Aparqué como pude mis pensamientos sobre estas materias. Tomé el teléfono en mi mano y accioné el botón que libera los mensajes recibidos. Era de Jesús Santaella, el abogado. Se hacía eco de la noticia de la mañana: el Rey estaba siendo operado de una mancha en el pulmón. Ciertamente, como decía de forma lacónica en su texto, eso de que a don Juan Carlos lo ingresen de urgencia, llegue a un hospital a horas intempestivas de la mañana, con parte de su familia oficial fuera de España, asistido en exclusiva de cargos oficiales de su Casa, no presagiaba nada bueno.
Desde primera hora de la mañana leía en internet las referencias de prensa.
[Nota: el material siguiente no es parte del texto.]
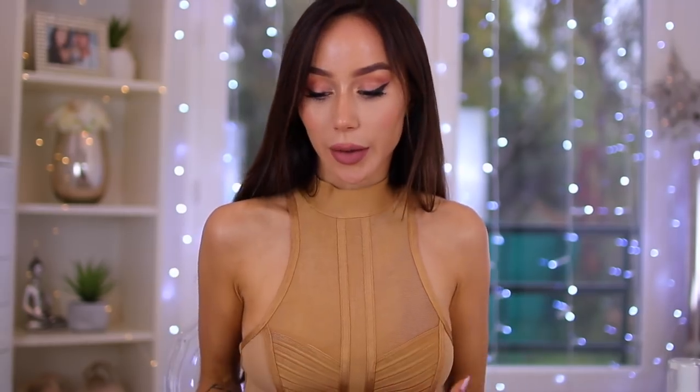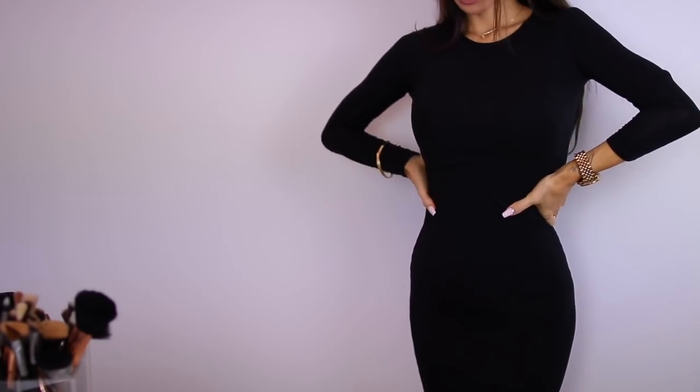Moving on to body shaping and looking your best in your clothes: I recommend wearing Spanx underneath to really give that hourglass effect, or you can also wear a waist trainer — it will just snatch everything together. Don't do this if you're going to be eating a lot of food. I don't personally own any Spanx so I can't show you a before and after, but Spanx and waist trainers are a great idea if you want to look snatched in your dress.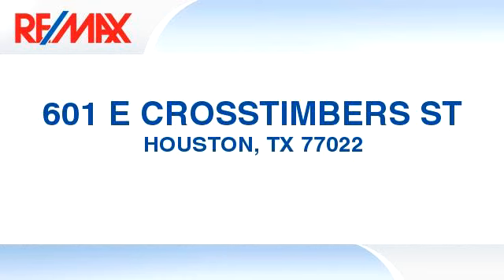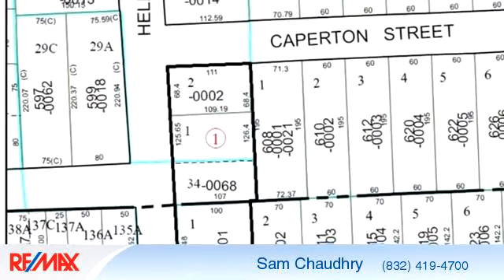Enjoy the presentation tour. This property is represented by Sam Salim Chaudhry. In this spacious property,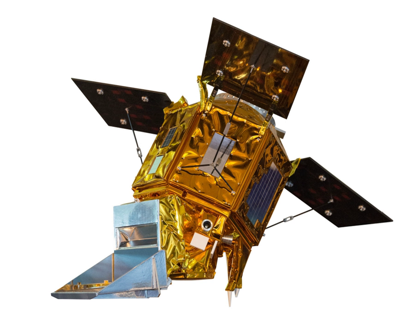Sentinel-5 Precursor is the first mission of the Copernicus Program dedicated to monitoring air pollution. Its instrument is an ultraviolet, visible, near-and-short wavelength infrared spectrometer called Tropomi. The satellite is built on a hexagonal Astrobus L250 satellite bus equipped with S- and X-band communication antennas, three foldable solar panels generating 1500W and hydrazine thrusters for station keeping. The satellite operates in an 824 km Sun-synchronous orbit with a local time of ascending node of 13:30 hours.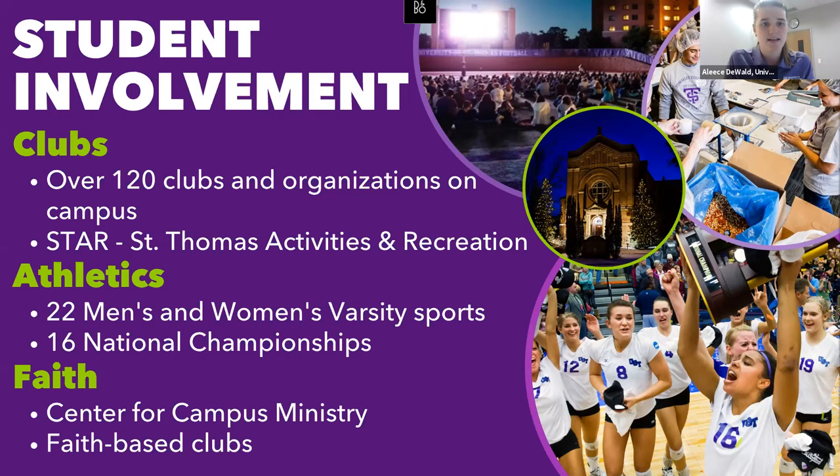The St. Thomas Activities and Recreation club handles a lot of after-dark events. You'll see students enjoying movies out on the football field, Thursday Night Live bringing in local artists, and the Mystery Bus — where students sign up, get on the bus, and discover they're going somewhere in the Twin Cities, not knowing where until that moment.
Cautelosas al máximo. Parecía como si de repente todos se percataran de la importancia del Rey. Y no era para menos. Con lo que sucedía por Europa, con una crisis financiera de consecuencias imprevisibles, con un sistema que se desmoronaba ante la mezcla de impotencia y rabia de sus arquitectos intelectuales, con una España insolidaria, endeudada hasta las cejas, con cifras de paro más allá de lo humanamente tolerable, con una discusión larvada —o no tanto— sobre la forma de nuestro Estado, que ahora nos cayera encima la muerte de don Juan Carlos, anunciada a través de un diagnóstico casi mortal de necesidad como es el cáncer de pulmón, nos llevaría por un sendero que amenazaba con incertidumbres de grueso calado nuestra inmediata convivencia. La muerte del Rey parecía preocuparnos mucho, pero no por él, sino por nosotros... Como casi siempre.
¿Tendría cáncer el Rey? No había forma de adivinarlo. Por pura prudencia las noticias referidas a su salud se confeccionaban con palabras preñadas de cautela. Y de una esperanza temblorosa, la nacida del miedo secular a lo inmediato desconocido, porque se teme lo que se ignora, si se presume negativo. Busqué información escondida entre las líneas de quienes se atrevían a escribir algo. Encontré dos palabras. Una, muy técnica: PET. Otra igualmente propia del metalenguaje médico: captación.
Imposible evitar el recuerdo. Inútil intentar alejarlo. Cuando el recuerdo conduce a emociones ancladas en el alma con la fuerza del sufrimiento, la pelea racional por alejarlo, por fagocitar el estímulo potente que lo trae a la superficie del consciente, es tan inútil como devastadora. Y demoledora fue mi pelea con el tumor cerebral que se instaló en Lourdes Arroyo en el verano de 2006 y que acabó con su vida, y con más de treinta años de matrimonio, la madrugada del 13 de octubre de 2007. También fue un día claro y limpio. También ese día el Rey ocupó un espacio de mi vida.
No sé si las personas que oficialmente se encuentran en el llamado coma irreversible carecen, como afirma la ciencia oficial, de comunicación con el exterior. Aparentemente su consciente ya no refleja conexión con el mundo externo. Pero lo cierto y verdad es que no sabemos qué sucede en sus adentros. Es más que probable, al contrario de lo que asegura la ortodoxia, que puedan percibir informaciones y vivencias aunque el cuerpo físico carezca de posibilidades de reconocerlo externamente. No tiene el individuo en tal estado plenitud de lenguaje corporal, en ninguna de sus manifestaciones usuales. Pero eso no equivale necesariamente a que se produzca ruptura total de comunicación.